The first person POV uses the pronouns “I” or “we.” In a sense, you (the author) become the character who is telling the story. This is becoming a very popular way to tell a story because it brings the reader directly into the mind of your character, and therefore, into the story itself.

If attempting to write in the first person POV, it is imperative that you know your character inside and out. You must act, speak, and think as your character would. Not only that, but you must notice and pay attention to things that your character would. For example, if my husband and I were to walk into a store, my attention would immediately be drawn to the trendy clothing or adorable knick-knacks. My husband, on the other hand, would go directly to the tools or outdoor equipment, hardly noticing the things he passed along the way. Why? Because we have different interests. Our attention is drawn to things we are interested in. So it must be with your character if you are using this point of view.  (This was fairly easy for me in The Delaware Detectives because my main character is based on my niece, with whom I share many characteristics.)

When using first person POV, since your character is telling the story, that character can only tell what he or she knows.

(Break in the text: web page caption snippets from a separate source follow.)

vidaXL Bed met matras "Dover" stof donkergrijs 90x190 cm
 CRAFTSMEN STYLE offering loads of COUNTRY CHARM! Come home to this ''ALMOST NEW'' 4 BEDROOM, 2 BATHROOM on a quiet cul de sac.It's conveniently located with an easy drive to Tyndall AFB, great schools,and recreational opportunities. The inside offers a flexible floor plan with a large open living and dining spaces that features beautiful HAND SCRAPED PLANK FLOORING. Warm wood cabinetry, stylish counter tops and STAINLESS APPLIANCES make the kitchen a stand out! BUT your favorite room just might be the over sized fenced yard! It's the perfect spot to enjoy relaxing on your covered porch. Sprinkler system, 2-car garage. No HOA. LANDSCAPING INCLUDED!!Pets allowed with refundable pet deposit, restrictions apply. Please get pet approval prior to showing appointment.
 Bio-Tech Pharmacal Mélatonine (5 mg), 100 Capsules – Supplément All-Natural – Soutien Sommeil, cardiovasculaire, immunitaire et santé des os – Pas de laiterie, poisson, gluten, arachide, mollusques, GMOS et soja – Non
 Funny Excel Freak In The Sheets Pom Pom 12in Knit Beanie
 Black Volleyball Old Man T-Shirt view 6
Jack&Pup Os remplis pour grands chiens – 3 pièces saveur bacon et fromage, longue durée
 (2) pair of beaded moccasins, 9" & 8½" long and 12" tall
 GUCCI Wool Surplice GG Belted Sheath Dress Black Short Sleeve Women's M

In other words, if your character is in the kitchen, she can't tell you what is going on in the living room unless she can hear or see the action taking place.

For this reason, one of the hardest things to do in the first person POV is to describe your character. If your character can only describe what she sees, personal description is lost. In addition, it is difficult to describe the character's personality without sounding like she's bragging on herself. Fortunately, there are a few ways around this obstacle, and they include:

* Use a mirror (note: this has been overdone)
* Compare the character to another character in the story
* Have another character describe your main character
*Don't describe them – It has recently become acceptable to not describe your POV character at all as long as there is adequate description of the other elements in the story.

The first-person POV is very popular, and so it would be in your best interest to master its usage. Remember, the main key is to know your character and to essentially become that character in the telling of the story.